Write out exactly the lines from the one containing "中古・古着 Dr.Martens (ドクターマーチン)" to the end of the material, both ends included, and nothing else. Leave pictures out.

** Information shown follows **

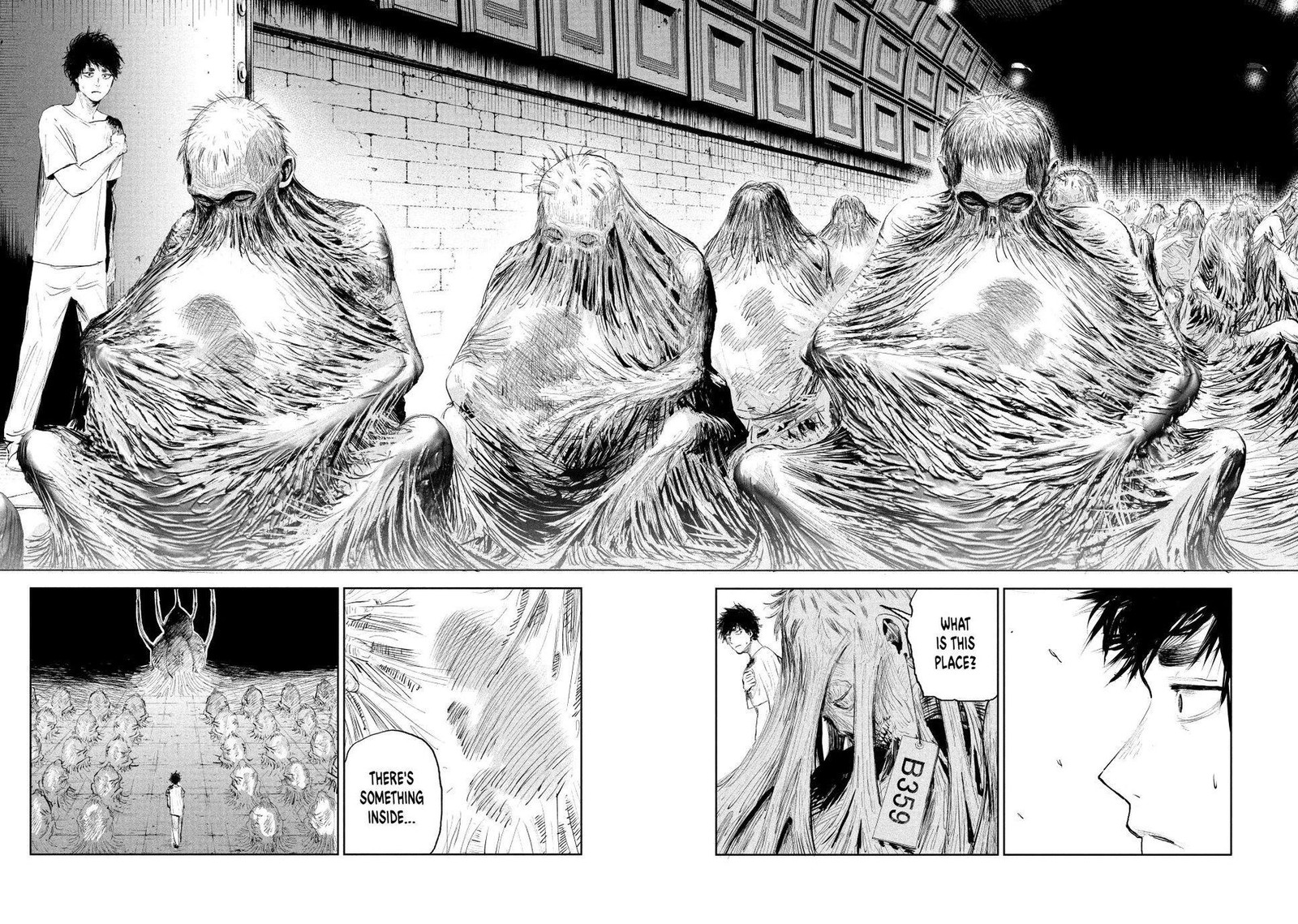 Lili Men Chapter 1 Page 33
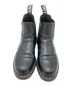 中古・古着 Dr.Martens (ドクターマーチン) 2976 チェルシーブーツ ブラック サイズ:US9：17800円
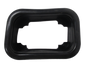 4" RECTANGLE GROMMET (OPT-A-33GB)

** End of Information shown **

Answer:
 中古・古着 Dr.Martens (ドクターマーチン) 2976 チェルシーブーツ ブラック サイズ:US9：17800円
 4" RECTANGLE GROMMET (OPT-A-33GB)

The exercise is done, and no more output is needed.